Move your feet, and bend your knees. These sort of players use to cause me nightmares, because i hit the ball straight as an ironing board. You ain't gettinfg topspin unless you can get under the ball, so bend your knees. Keep moving, I use to be very flat footed, still am at times. Trying to get your feet moving, it makes life so much easier.
if a flat hitter doesn´t get twice the depth of a top spinner, he ain´t no real flat hitter
Look at Borg and Connors
OP, yes. You have to shorten your normal strokes esp. if your strokes are a big production. Berdych and Agassi have nice compact strokes.
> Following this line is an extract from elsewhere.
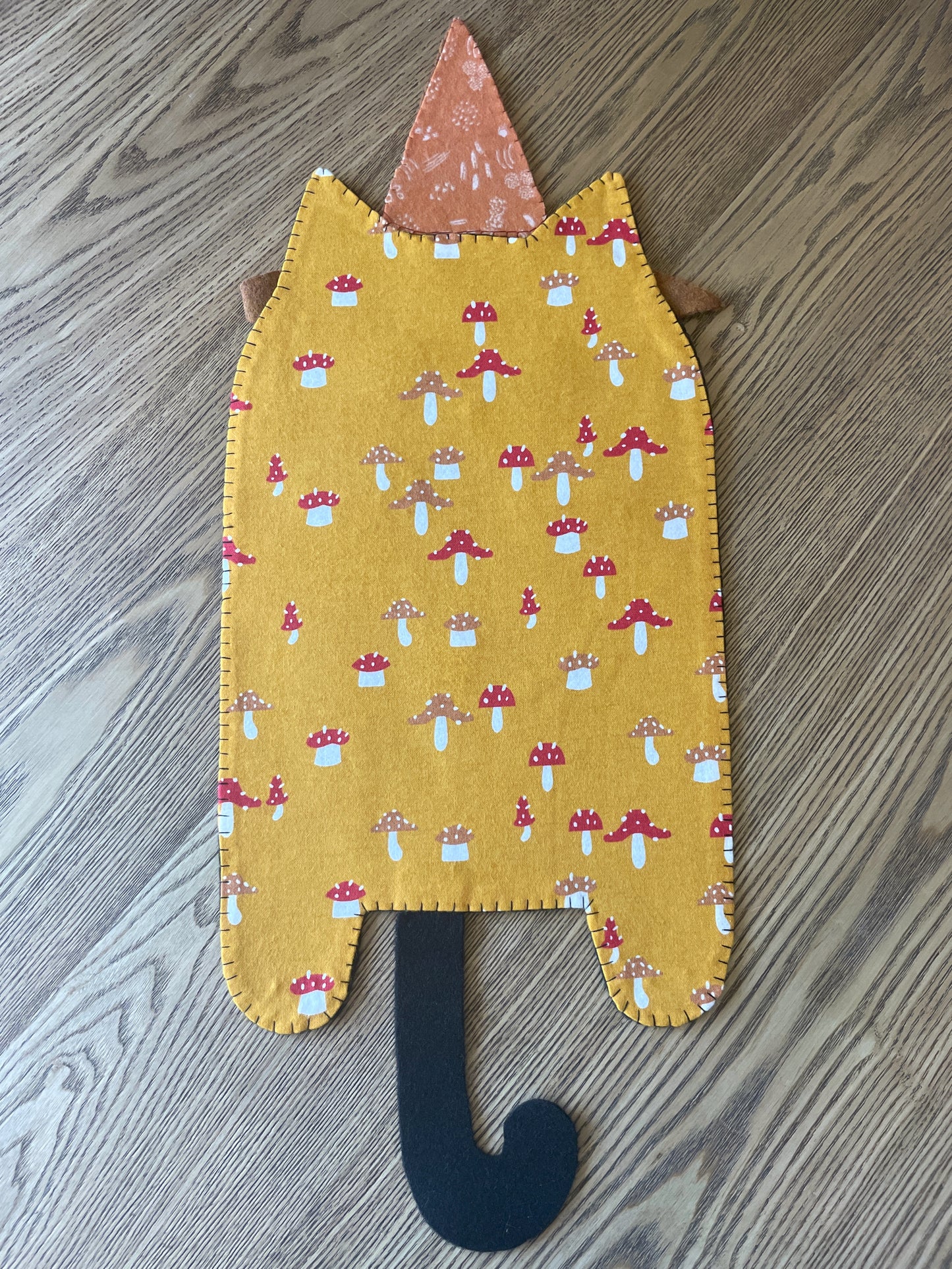 Black Cat Felt Pin Banners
In rec level you got tons of people who hit a soft ball with no spin, but those are NOT considered drop shots. These balls lands at the service line or one foot behind the service line. You need to come up to no man's land to meet the low bouncing ball, and hit it over the net with spin to keep it in. They don't or can't hit with power and don't know how to hit a higher projectile (not moon balling) because they don't swing from low to high. And even if they do, they don't hit with any brushing at all. They just hit the ball over the net and it just die out because of lack of pace. If they hit any harder they will hit it out, or miss (shank). So they resolve to hitting these little chicken balls because without spin it is extremely hard to adjust your depth by power alone. Needless to they never get under the ball and never bend their knees.
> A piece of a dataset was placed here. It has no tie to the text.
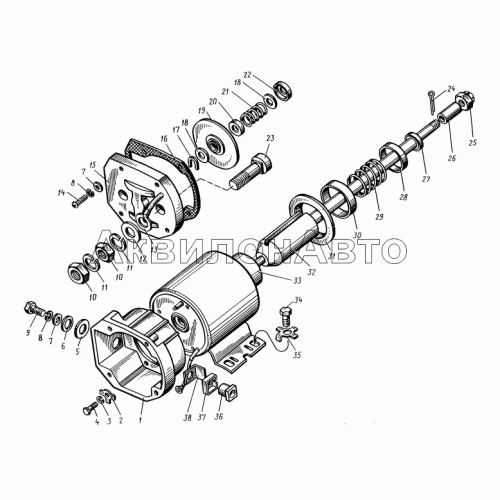 Реле стартера Реле стартера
When I was starting out I see tons of rec people I played doing these kind of shots. That's their safest way to keep the ball in but unfortunately this kind of stroke will never help them to improve. The next for them to hit deep is just lobbing with no spin.
The story is not new. There are countless threads here about people not getting the results when they need to generate their own power AND controlling the ball at the same time. When hitting with a ball with pace, once you got used to it, you can just hit with a very light swing and redirect the ball back. In other words the hitting partner is doing all the heavy lifting.
A heavier racquet helps a lot blocking back shots with a lot of incoming pace. I have to add spin or use an abbreviated shot on flat balls with a lot of pace. I'll hit the back wall if I take a full cut on a hard, flat ball.
Yes, and when lower level player trying to use the heavy stick they forget it takes a full swing when they need to generate power and spin.
Exactly my point (from the opposite camp, of the flat hitters).
Well, that's a given. I was thinking that that was the default mode of the OP. Seems like he plays mostly baseline topspin players. It's good to play the flat hitters too who are most likely older.
And they probably wouldn't be able to keep the balls in play, that way.
Yes. Late hit is probably what happens before they can adjust. Not easy if they don't know they late hit.
It's not only the late hit but some beginners are not aware that if you "don't take a full cut/swing at the ball and you just baby your shots"( as a friend put it), the balls will sail long, due to lack of spin (side spin I guess, not as much top spin).
One needs a relaxed arm and high racket head speed and that's not easy to achieve- how many people even at club level know or are capable of ATP style FH with the arm lag and so forth?
If they can use a heavy stick and hit the ball long (and near the intent target), they are already half way there
Many don't understand the RHS concept, and cannot do a proper full swing, lack of prep, poor follow thru, and not hitting thru the ball. The lack of footwork also puts them out of position more, so forget about relaxing the swing. It's the whole package!!!
Seems to me, if the incoming ball is truly fast, usually low bouncing, and you have little time to prepare as normal, a very spinny reply is the best to implement.
The fast hitter has no time to come to net. Spinny balls are hard to volley. Spinny balls usually take the fast ball hitter out of his game plan.